Drawing Media
| English | Chinese | Pinyin |
|---|---|---|
| media | 媒介 | méi jiè |
| dry media | 干性媒介 | gàn xìng méi jiè |
| wet media | 湿性媒介 | shī xìng méi jiè |
| tooth | 纸纹 | zhǐ wén |
| hatching | 排线 | pái xiàn |
| cross-hatching | 交叉排线 | jiāo chā pái xiàn |
| stippling | 点画 | diǎn huà |
Marks on a surface
- Media 媒介 are the materials an artist works with.
- Drawing media make marks directly on a surface — the foundation of most 2-D work.
- They split into dry and wet types.
Dry and wet
- Dry media 干性媒介: graphite (pencil), charcoal, conté, chalk and oil pastel.
- Wet media 湿性媒介: pen and ink, brush and ink, markers.
- The paper's tooth 纸纹 (texture) changes the line and value possible.
Dry or wet drawing media?
Sort each drawing medium as dry or wet.
Building value with many parallel lines is called...
Hatching builds value with parallel lines; cross-hatching layers them.
The tooth of the paper affects the marks a dry medium can make.
Rougher tooth grabs more pigment, giving grainier, darker marks.
Building value from many tiny dots is called ____.
Stippling uses dots to build value and texture.
Select all dry drawing media.
Pencil, charcoal, and oil pastel are dry; brush and ink is wet.
Match each technique to its marks.
Hatching = parallel; cross-hatching = crossed; stippling = dots.
Mark-making
- Techniques include hatching 排线, cross-hatching 交叉排线, stippling 点画, and blending.
- These build value and texture from many small marks.
- Drawing is used both to investigate ideas and to make finished works.
Drawing is not only for finished pictures. Artists use quick drawings to investigate ideas — testing compositions, studying light, planning a painting. In the AP portfolio, process drawings are valuable evidence of your thinking, not just throwaways.

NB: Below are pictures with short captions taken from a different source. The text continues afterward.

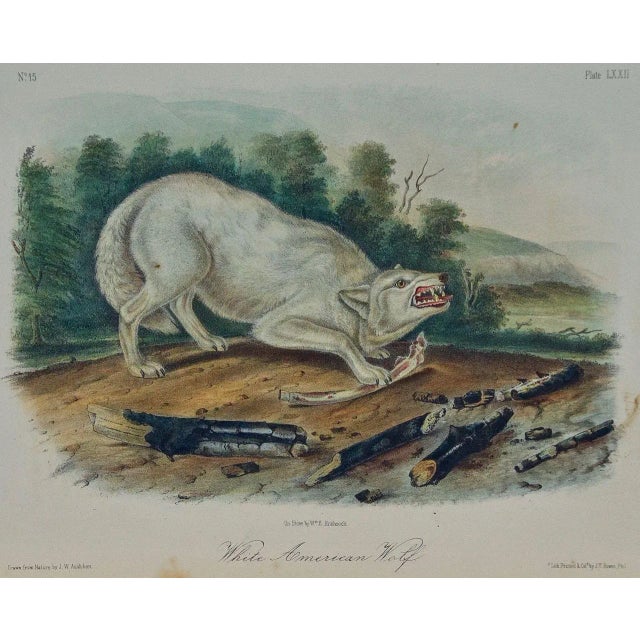 Realism Audubon "White American Wolf" an Audubon Hand Colored by j.t. Bowen Lithograph, 1849-1854 For Sale - Image 3 of 5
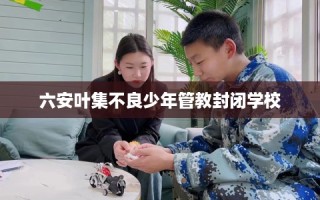 六安叶集不良少年管教封闭学校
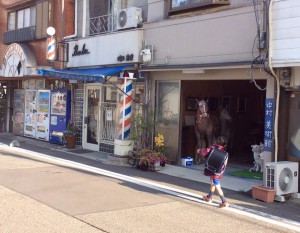 12109100_916321135126561_1144221391996664151_n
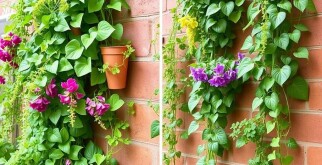 Vertikales Gärtnern: Platz sparen mit Kletterpflanzen — Guía práctica y creativa para ahorrar espacio con plantas trepadoras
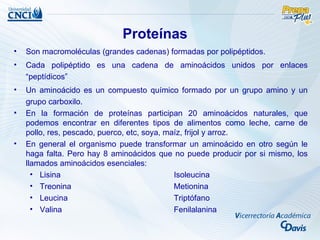 Proteínas
•   Son macromoléculas (grandes cadenas) formadas por polipéptidos.
•   Cada polipéptido es una cadena de aminoácidos unidos por enlaces
    “peptídicos”
•   Un aminoácido es un compuesto químico formado por un grupo amino y un
    grupo carboxilo.
•   En la formación de proteínas participan 20 aminoácidos naturales, que
    podemos encontrar en diferentes tipos de alimentos como leche, carne de
    pollo, res, pescado, puerco, etc, soya, maíz, frijol y arroz.
•   En general el organismo puede transformar un aminoácido en otro según le
    haga falta. Pero hay 8 aminoácidos que no puede producir por si mismo, los
    llamados aminoácidos esenciales:
      • Lisina                                Isoleucina
      • Treonina                              Metionina
      • Leucina                               Triptófano
      • Valina                                Fenilalanina
 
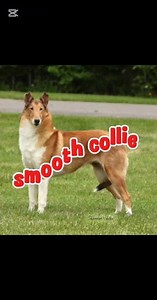 6 common breeds of collies In the world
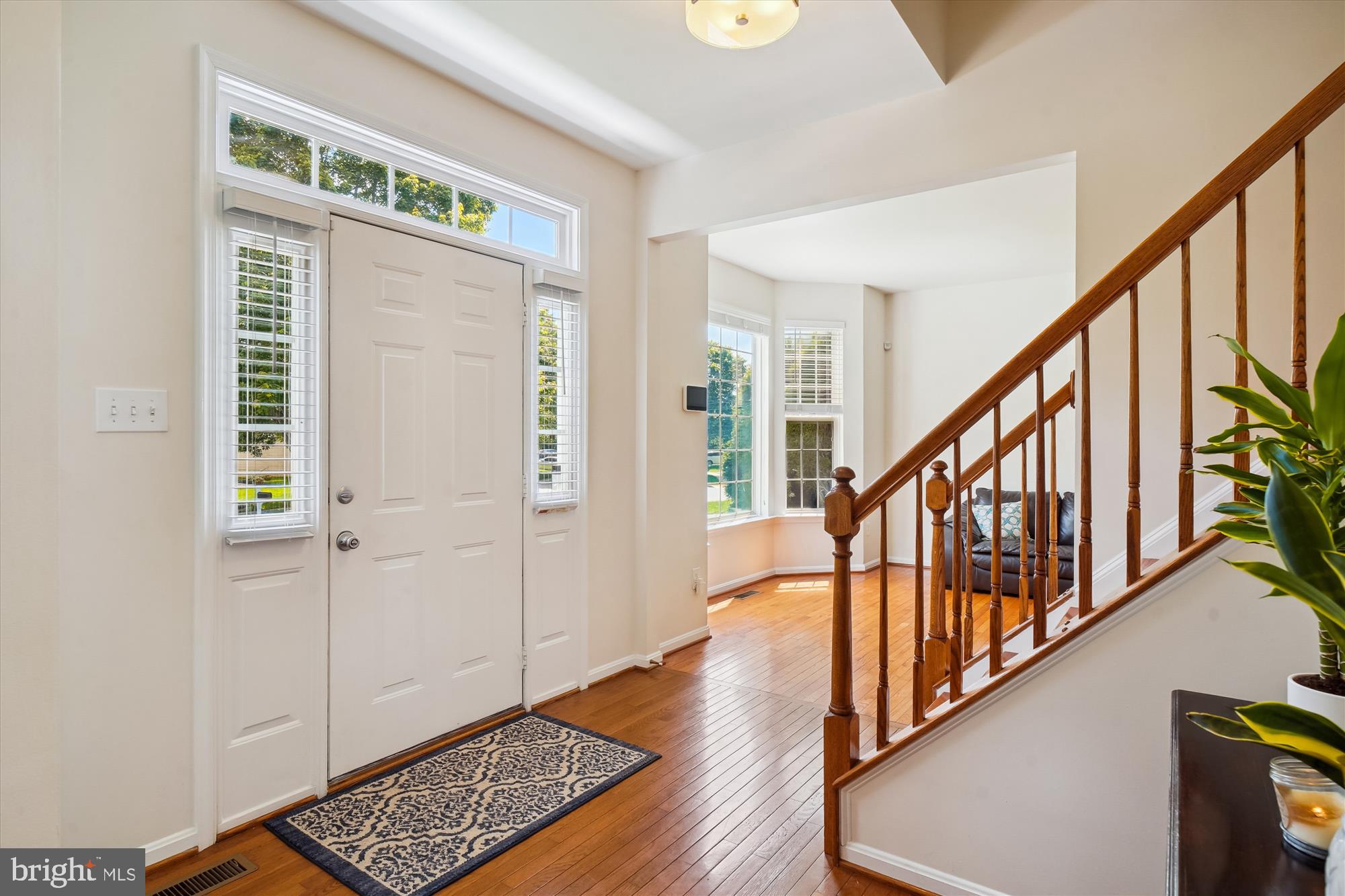 13736 Monarch Vista Dr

To draw dark, even shadow, an artist lays parallel hatching lines, then crosses them with cross-hatching for deeper value. On rough paper (high tooth), the same pencil gives grainier, darker marks than on smooth paper.
Drawing media make marks on a surface. Dry media (pencil, charcoal, pastel) and wet media (pen, ink, markers) behave differently, affected by the paper's tooth. Mark-making techniques — hatching, cross-hatching, stippling — build value and texture.